İpek: You had a companionship with Karin Karakaşlı and Süreyya Karcabey in "Beyond The River" I love the words of Karin Karakaşlı very much; she has a blue and naive atmosphere in everything she creates, and your work was like that, too. It seems as if you had a nice walk by holding hands of each other. After your words, it felt so nice.
Ali: What you produce is certain: the photography. But it transforms when it somehow collaborates with another element, it creates other possibilities and potentials. I was very happy when I made contact with Karin Karakaşlı with this offer and she accepted it. Because we share the same perspective. It is same with Süreyya Karacabey, too. She approached from a very different perspective, provided something different at the end of the book. We have made a nice work together. There is something in Araf collaborating with the poem of Abdulkareem Kasid. The poet talks about a mood of being an orphanage in his poem. The people I work with are the subjects of this. The story becomes something else when the text collaborates with the photographs and they walk together. In the end, a story shows up with the different approaches and practices surrounding itself. But I do not say that this is always mandatory and valid.
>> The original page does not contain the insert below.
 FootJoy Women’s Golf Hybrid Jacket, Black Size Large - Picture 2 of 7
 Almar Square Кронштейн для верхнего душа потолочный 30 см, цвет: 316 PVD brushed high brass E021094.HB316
Yalım: I have a final question about the matter of the book. In the recent years, the concept of the book has become more popular as a photobook. I have met with your book before the photobook was not something that we see this much. This is same for all three of us. What was the relationship you had with this book and the concept of photobooks? Was it something parallel with the exhibition or did you have an awareness about photobooks?
Ali: The book is more important to me. It is far more important than the exhibition. It is the permanent part, so it is important to have something meticulous. But when I was working on Beyond The River, I haven't met the concept of a photobook that much yet. Here, the desires of mine and the graphical designer I worked with overlapped very well. He also found this very valuable and we started to think about how we could transform it. In this way, this book came out. In my current point of view, I think in this way: a book is a visual object with its content; so how can I transform this object as an intensifier of the story and make it interact with the audience? What can I do to get the viewer/ audience closer to the story as they ramble in it? That is my basic concern.
In the meantime, sometimes I look at a book and it seems to me as a playground and turns into an effect in the face of what you are telling, talking more than the work itself. In this case, I can talk about how the book looks aesthetically and its design, because the book itself turns into an object of designing. But the main issue should be to make the story more effective/ open to interaction. When it turns into something with a lot of surprises, only the design of the book begins to impress you. I would like the design to follow the story, not get ahead to it. For example, Carolyn Drake's Wild Pigeon is like this; a book with spot-ons.